__INFORMATION SUPPLIED__:
· · · ·

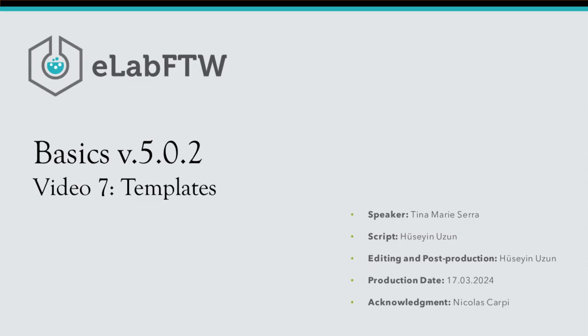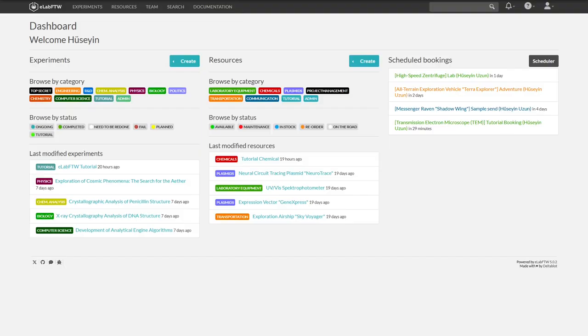Welcome everyone. In this video we will explore templates in eLab FTW. There are several ways to access the management of templates.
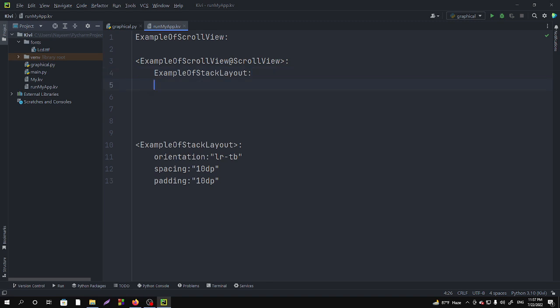So after doing that we have to specify the size_hint. Size_hint means you want to scroll by horizontal or vertical, you have to specify that. So let's take the size_hint. I want to keep that vertically and for horizontal I am keeping it as none.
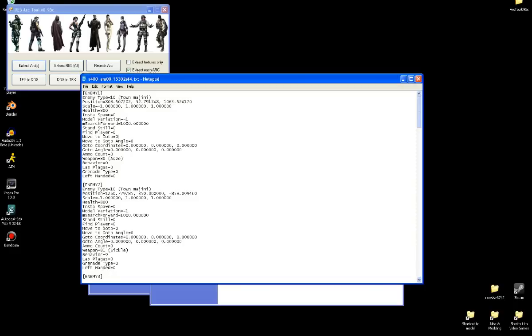Move to goto, which is if it's zero, which means it's disabled. If it's one, it will use the goto coordinates. Basically when they spawn, they'll go to set coordinates. Then when they get there, they'll use an angle here. One of these angles where they stand, then they just stand there. Until they either detect you or you hit them or whatever.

· · · ·

__WHAT TO WORK ON__:
Pictures aside, repeat exactly every line from the top of the listing above through the line bearing "So after doing", inclusive.

__EXERCISE RESPONSE__:
Welcome everyone. In this video we will explore templates in eLab FTW. There are several ways to access the management of templates.
So after doing that we have to specify the size_hint. Size_hint means you want to scroll by horizontal or vertical, you have to specify that. So let's take the size_hint. I want to keep that vertically and for horizontal I am keeping it as none.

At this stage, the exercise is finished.